(Crawled caption data)

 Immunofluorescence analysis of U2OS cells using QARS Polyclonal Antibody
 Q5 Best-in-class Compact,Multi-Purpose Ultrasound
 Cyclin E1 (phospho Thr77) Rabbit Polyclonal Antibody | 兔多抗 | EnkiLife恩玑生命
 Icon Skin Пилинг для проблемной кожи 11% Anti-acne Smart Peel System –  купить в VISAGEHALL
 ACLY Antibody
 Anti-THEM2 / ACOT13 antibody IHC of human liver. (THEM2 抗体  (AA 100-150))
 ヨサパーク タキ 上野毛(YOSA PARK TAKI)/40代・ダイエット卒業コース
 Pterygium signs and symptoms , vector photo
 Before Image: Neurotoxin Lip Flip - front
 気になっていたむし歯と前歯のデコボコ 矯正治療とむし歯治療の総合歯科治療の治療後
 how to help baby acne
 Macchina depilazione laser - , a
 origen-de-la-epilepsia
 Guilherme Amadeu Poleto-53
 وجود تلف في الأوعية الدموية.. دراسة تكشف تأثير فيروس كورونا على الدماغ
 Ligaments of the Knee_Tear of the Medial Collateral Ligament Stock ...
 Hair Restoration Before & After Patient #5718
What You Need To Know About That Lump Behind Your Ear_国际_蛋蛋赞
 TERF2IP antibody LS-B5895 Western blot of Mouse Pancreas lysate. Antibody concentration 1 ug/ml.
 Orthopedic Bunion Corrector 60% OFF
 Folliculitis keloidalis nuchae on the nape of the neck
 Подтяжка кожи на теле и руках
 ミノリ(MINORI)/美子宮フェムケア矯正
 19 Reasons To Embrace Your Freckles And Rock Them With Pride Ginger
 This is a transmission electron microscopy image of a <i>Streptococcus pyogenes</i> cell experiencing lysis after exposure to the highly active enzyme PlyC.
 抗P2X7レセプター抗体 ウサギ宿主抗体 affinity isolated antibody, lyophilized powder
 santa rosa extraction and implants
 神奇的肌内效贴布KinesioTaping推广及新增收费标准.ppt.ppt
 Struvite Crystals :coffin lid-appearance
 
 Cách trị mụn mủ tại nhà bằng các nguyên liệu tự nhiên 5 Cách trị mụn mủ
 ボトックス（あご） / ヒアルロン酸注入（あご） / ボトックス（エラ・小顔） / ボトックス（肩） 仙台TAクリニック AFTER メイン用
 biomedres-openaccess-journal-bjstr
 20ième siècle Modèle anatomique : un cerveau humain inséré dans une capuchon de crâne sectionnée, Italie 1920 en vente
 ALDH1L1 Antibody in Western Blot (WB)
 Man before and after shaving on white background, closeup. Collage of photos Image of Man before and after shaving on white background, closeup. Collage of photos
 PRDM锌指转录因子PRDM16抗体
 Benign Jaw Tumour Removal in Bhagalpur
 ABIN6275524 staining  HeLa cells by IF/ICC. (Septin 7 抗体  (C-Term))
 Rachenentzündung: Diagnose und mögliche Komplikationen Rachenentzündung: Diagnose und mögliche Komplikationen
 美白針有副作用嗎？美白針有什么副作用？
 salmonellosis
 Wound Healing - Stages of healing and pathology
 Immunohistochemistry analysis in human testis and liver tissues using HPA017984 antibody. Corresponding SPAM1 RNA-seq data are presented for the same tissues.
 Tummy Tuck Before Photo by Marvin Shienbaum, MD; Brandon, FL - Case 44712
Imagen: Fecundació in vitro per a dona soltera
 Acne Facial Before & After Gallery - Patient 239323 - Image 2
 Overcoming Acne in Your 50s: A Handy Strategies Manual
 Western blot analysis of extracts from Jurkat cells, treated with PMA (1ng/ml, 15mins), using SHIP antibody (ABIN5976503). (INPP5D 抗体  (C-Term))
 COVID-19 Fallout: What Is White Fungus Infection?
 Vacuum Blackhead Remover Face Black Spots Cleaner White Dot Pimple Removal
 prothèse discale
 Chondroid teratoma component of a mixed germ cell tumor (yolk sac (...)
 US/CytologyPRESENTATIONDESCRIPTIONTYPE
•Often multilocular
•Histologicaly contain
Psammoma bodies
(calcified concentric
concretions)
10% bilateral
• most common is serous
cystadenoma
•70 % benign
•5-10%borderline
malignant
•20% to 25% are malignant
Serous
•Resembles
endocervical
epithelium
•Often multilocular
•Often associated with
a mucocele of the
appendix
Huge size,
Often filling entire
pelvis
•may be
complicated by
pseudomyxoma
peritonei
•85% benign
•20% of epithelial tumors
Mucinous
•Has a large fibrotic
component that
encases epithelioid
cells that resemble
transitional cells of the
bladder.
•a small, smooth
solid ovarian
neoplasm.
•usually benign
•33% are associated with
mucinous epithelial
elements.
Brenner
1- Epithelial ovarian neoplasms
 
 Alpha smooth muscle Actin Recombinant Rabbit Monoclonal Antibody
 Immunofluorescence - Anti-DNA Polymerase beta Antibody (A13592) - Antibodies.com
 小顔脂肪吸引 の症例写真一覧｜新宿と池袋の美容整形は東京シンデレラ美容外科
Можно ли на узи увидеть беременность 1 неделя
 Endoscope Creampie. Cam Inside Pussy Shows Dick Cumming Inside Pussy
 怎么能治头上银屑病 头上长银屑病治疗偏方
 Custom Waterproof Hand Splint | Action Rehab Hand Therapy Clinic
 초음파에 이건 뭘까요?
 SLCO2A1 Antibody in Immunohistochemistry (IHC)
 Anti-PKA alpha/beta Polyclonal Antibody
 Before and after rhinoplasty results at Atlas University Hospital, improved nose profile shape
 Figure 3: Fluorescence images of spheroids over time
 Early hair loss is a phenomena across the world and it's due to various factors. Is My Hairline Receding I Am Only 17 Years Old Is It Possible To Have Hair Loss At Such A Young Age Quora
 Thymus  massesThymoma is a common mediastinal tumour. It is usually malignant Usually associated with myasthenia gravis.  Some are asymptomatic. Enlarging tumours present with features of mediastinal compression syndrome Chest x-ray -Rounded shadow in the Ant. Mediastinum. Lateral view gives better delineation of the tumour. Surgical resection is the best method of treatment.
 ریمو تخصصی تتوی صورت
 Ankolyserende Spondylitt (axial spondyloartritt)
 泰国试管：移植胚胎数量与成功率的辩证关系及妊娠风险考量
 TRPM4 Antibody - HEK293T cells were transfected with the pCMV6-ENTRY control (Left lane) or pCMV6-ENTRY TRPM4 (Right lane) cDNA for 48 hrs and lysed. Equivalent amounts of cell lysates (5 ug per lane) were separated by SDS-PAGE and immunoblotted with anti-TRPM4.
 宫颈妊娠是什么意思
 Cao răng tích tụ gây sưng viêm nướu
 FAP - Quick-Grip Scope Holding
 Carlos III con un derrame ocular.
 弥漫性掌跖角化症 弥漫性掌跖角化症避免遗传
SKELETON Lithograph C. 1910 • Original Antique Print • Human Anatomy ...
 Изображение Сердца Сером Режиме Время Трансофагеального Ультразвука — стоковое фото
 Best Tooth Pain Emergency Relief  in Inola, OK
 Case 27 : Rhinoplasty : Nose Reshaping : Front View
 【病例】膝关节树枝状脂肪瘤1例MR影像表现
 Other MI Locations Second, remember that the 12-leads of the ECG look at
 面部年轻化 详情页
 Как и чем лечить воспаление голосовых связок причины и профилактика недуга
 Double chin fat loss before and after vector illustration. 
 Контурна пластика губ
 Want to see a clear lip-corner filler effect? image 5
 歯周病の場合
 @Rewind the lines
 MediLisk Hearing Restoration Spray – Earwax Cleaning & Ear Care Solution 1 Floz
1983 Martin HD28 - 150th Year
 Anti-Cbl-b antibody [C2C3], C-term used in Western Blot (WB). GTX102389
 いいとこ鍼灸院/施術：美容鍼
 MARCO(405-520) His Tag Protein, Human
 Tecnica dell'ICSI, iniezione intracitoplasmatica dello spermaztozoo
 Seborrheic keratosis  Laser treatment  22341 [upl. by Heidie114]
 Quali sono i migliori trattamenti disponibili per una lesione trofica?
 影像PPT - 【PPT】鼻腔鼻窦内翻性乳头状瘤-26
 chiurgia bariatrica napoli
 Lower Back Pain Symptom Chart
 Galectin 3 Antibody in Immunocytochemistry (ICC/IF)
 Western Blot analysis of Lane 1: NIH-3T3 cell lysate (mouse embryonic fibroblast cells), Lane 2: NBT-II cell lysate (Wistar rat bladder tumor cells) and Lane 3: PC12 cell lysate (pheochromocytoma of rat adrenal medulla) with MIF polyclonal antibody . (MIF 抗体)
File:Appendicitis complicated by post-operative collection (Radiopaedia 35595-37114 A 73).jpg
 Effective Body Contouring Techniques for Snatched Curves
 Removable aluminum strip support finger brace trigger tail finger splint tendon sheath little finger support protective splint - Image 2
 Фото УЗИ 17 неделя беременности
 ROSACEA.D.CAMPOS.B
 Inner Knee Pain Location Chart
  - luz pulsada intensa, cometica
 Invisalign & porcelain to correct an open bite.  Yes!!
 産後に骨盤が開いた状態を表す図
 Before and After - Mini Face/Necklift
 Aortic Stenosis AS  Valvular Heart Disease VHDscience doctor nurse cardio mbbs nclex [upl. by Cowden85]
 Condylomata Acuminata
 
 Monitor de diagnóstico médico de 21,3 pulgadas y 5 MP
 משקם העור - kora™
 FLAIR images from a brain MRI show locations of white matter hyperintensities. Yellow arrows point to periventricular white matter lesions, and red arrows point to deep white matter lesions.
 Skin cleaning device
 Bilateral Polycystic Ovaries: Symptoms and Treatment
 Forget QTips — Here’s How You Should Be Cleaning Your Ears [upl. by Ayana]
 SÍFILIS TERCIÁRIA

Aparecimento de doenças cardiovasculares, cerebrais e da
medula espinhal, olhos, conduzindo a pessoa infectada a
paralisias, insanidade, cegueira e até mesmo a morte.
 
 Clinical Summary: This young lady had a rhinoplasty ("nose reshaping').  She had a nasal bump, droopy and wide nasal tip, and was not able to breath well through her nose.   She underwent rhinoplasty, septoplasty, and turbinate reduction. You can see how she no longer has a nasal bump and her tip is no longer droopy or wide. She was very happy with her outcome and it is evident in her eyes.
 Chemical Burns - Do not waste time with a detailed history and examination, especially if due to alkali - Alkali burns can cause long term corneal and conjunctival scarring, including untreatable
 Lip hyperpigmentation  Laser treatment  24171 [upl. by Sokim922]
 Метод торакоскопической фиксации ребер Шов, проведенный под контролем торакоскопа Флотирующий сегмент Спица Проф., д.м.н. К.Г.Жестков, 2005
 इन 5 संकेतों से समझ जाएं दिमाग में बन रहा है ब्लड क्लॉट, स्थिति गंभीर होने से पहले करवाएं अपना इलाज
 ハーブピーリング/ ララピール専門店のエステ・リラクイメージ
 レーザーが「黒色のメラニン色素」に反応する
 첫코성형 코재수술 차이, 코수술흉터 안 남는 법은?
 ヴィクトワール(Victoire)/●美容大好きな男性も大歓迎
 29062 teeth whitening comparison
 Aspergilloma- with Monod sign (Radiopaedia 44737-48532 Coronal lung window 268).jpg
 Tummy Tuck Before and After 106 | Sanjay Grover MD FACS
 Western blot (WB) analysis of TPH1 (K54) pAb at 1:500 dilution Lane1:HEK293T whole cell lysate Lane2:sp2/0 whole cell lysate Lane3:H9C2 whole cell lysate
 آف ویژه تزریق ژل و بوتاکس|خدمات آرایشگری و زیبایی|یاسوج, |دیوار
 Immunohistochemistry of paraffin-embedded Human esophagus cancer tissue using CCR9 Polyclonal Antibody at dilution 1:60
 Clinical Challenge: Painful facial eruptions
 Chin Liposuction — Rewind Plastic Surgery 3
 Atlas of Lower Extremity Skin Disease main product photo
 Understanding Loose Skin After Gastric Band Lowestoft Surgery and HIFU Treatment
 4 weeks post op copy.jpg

> Exercise: Among the lines above, find those carrying the word "Patient" and copy them out.

> Output for this exercise:
 Hair Restoration Before & After Patient #5718
 Acne Facial Before & After Gallery - Patient 239323 - Image 2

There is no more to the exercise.